16 May, 2019 at 7:20 pm
Oh it didn’t work and the eggs are the same size – the fresh water and the salt water. Did I not make the salt water salty enough?
Thanks
Sam
17 May, 2019 at 6:50 pm
To work well, the water needs to be really really salty.
Even then, it only shrinks a little. But the plain water one should grow quite a lot. You could also try leaving it for a bit longer – 8 hours should still be hygenic…
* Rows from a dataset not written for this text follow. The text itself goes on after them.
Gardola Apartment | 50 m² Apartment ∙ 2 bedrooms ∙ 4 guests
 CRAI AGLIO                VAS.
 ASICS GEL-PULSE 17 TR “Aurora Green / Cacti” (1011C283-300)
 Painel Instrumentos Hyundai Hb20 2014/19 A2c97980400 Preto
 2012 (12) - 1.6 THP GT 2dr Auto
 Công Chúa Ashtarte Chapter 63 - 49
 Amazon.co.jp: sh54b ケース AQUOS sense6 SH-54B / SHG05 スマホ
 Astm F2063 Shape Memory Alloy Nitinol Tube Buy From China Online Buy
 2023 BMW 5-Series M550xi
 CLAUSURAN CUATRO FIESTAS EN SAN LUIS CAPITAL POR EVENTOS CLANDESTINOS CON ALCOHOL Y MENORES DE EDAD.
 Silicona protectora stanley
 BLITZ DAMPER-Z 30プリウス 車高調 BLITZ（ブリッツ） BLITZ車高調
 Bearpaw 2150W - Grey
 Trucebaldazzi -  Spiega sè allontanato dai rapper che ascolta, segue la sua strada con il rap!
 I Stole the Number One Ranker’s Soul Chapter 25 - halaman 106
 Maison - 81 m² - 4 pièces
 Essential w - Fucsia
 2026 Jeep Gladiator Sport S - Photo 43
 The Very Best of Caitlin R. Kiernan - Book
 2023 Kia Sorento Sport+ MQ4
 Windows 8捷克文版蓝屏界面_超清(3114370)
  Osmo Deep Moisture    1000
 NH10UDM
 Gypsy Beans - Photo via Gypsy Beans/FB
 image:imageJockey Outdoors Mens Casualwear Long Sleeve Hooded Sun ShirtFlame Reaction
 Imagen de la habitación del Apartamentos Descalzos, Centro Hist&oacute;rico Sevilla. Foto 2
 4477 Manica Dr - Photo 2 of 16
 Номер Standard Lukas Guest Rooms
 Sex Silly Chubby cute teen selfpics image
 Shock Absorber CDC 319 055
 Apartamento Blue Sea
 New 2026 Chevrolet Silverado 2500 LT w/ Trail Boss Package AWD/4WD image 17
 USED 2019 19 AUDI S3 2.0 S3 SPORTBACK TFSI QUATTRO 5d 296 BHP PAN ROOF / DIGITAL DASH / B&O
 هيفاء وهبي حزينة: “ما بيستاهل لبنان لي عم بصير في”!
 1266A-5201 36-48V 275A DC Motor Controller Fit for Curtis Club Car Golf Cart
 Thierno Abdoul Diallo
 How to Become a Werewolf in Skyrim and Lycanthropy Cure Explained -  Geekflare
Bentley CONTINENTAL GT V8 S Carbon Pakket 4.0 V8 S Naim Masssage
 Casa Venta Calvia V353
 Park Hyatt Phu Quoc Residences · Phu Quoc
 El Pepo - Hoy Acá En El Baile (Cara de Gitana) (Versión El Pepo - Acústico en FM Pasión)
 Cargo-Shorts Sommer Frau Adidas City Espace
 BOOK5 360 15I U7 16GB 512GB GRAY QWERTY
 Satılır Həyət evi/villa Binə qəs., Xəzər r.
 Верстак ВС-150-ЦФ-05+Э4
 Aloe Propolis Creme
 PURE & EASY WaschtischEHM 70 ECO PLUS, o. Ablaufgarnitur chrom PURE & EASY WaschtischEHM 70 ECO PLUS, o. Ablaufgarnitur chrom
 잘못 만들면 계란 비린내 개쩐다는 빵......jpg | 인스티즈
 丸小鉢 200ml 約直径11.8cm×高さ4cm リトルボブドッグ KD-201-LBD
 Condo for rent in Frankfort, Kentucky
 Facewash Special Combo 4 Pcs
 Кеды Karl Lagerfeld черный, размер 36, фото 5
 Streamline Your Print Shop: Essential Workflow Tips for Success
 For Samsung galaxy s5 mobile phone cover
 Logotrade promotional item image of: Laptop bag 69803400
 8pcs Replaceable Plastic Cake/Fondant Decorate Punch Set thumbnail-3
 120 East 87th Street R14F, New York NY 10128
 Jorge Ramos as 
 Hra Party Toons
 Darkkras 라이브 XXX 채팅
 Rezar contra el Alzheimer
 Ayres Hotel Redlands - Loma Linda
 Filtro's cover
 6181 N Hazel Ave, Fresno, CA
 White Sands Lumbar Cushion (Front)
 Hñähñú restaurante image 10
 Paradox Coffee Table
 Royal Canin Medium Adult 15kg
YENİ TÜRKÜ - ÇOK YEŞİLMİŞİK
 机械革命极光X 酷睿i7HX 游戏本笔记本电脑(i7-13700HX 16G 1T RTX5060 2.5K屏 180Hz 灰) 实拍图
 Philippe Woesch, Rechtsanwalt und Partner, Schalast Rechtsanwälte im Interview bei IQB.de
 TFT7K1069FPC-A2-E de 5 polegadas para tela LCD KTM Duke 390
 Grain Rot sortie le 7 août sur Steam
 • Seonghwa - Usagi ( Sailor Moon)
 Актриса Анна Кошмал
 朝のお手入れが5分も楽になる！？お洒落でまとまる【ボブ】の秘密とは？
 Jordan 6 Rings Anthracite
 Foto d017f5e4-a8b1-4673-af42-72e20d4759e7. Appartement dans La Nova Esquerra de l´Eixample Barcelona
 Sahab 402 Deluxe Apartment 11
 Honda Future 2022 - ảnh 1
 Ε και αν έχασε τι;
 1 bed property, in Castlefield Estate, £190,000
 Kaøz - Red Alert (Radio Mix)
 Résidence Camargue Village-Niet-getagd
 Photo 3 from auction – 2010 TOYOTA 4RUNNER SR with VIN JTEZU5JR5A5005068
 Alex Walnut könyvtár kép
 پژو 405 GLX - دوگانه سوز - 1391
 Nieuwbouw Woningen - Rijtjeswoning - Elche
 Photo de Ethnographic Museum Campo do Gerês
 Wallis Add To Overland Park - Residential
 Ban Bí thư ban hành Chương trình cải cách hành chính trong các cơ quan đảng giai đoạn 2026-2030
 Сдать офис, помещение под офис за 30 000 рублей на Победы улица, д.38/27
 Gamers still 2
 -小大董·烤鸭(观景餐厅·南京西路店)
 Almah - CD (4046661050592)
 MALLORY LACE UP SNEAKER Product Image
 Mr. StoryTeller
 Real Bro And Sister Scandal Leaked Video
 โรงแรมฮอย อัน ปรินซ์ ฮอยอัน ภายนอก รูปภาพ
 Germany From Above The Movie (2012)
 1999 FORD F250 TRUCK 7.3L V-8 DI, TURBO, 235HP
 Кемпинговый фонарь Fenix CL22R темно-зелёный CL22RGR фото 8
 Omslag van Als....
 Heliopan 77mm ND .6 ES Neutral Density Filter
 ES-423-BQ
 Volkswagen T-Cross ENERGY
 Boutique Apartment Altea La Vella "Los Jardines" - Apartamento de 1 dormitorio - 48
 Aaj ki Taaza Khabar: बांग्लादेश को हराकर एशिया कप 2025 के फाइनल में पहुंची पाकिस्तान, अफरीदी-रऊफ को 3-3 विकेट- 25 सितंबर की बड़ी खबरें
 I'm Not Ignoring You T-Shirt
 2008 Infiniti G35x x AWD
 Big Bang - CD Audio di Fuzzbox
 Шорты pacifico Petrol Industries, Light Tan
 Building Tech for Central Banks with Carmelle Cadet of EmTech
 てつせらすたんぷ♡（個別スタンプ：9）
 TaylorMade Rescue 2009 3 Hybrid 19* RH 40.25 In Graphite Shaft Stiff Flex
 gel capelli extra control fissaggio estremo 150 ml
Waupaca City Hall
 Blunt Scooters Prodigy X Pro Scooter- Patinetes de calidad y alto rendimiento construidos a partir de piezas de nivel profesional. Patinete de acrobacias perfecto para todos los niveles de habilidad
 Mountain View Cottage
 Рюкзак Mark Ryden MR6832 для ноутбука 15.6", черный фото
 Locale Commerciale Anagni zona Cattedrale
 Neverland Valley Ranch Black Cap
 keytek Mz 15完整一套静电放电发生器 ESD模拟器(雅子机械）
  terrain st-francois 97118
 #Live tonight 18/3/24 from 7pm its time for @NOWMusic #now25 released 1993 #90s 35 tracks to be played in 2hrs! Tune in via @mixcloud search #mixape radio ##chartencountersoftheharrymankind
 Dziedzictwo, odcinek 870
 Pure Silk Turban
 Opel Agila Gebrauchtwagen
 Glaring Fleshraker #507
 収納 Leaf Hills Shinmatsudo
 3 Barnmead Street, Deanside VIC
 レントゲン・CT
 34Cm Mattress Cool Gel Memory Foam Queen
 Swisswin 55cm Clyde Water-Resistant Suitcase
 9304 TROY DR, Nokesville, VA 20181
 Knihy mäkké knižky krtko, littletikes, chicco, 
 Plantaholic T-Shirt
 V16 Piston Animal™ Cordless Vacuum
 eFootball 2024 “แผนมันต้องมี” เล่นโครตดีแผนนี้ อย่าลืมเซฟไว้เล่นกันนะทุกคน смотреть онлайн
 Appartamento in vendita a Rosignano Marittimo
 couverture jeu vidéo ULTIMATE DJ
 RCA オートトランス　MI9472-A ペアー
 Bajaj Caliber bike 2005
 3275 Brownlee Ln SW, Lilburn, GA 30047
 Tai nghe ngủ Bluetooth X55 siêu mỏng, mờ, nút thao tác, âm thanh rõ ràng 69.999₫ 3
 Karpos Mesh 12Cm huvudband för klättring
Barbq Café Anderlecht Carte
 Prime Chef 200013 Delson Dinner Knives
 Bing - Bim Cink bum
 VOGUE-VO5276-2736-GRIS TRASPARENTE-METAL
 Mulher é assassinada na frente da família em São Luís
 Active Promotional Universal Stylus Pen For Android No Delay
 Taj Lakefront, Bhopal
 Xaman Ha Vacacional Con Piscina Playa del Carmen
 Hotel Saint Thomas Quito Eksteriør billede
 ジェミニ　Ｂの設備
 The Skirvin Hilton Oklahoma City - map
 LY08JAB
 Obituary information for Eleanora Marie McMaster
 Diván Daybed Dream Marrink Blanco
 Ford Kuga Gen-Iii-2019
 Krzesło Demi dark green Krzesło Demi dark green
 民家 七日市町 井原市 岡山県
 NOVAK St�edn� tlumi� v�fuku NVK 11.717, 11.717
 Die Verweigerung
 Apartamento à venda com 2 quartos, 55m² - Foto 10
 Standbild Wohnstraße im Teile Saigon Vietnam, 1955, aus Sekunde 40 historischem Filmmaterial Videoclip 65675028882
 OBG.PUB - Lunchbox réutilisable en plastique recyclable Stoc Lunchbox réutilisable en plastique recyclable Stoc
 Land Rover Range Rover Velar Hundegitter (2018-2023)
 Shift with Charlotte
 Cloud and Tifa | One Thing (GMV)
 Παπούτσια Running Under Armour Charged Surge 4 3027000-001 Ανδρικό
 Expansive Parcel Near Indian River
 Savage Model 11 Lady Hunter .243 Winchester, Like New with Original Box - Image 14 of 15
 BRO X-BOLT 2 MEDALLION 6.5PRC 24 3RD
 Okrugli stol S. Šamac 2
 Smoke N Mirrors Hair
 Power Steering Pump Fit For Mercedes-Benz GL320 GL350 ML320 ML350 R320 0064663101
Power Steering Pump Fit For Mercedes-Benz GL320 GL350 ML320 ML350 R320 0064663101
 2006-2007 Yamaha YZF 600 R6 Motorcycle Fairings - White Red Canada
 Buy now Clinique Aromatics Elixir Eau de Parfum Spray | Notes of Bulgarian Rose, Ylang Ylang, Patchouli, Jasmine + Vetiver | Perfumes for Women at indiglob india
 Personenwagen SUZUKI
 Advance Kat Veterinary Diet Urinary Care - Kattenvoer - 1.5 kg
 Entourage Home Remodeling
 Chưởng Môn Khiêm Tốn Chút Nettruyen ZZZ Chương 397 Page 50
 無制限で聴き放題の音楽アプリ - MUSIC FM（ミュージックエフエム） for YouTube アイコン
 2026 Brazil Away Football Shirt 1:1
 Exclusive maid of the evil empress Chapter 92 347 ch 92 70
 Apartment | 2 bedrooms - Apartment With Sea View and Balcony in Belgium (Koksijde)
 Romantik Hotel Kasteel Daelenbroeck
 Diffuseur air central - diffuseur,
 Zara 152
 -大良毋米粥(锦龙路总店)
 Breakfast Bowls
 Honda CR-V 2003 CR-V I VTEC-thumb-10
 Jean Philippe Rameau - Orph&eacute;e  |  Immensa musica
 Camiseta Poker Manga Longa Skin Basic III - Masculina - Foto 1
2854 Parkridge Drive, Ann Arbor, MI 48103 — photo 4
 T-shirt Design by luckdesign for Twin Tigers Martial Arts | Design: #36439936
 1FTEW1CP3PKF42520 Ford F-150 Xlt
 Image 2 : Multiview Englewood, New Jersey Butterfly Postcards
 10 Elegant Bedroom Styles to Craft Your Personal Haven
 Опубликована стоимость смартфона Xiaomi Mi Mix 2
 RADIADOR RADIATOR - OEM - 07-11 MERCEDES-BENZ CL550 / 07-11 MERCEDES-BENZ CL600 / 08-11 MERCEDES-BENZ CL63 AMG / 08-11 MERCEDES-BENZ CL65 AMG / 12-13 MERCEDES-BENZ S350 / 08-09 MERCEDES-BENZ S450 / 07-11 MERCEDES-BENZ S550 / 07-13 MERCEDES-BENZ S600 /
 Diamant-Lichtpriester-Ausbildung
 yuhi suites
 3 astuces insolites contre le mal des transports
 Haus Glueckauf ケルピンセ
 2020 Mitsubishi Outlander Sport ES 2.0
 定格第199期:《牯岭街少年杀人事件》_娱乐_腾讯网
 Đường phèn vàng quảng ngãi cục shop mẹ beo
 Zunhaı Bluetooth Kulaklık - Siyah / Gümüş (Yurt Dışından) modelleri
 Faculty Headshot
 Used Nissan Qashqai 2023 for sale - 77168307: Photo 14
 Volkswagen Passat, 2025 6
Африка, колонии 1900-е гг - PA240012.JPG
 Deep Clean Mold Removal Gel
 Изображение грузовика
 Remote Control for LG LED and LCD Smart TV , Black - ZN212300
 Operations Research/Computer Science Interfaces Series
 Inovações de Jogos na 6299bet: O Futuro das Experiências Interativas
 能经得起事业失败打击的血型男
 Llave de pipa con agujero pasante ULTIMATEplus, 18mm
Sorry that it didnt work for you!
22 April, 2020 at 7:44 pm
I did this experiment using the salt and fresh water. The salt was not concentrated enough and, though the egg in salt gained *less* weight than that in fresh water, it was unsatisfying. So we made a concentrated sugar syrup and that was amazing. The sugar syrup egg looked like a deflated balloon around a hard yolk. We then put the egg back in fresh water and watched it balloon up again. Lots of fun and a big “ooooh!” factor.
22 April, 2020 at 8:54 pm
Ooh! That sounds really interesting – I might have to re-do it!
29 March, 2021 at 8:54 pm
I’ve had some success packing deshelled eggs in dry salt – carefully! Deionised water (sometimes sold as “distilled” water for filling irons or are batteries) may work better than tap water – if left for long enough they can grow quite large.
18 May, 2022 at 10:36 am
This egg experiment is so cool! Don’t be intimidated by what you don’t know. That can be your greatest strength and ensure that you do things differently from everyone else.
CAN YOU EAT IT THOUGH
18 May, 2022 at 3:31 pm
Please don’t eat it! Once you’ve removed the shell, there’s really nothing stopping bacteria and other nasties from getting into the egg. Plus it’s still raw so there is a risk of salmonella.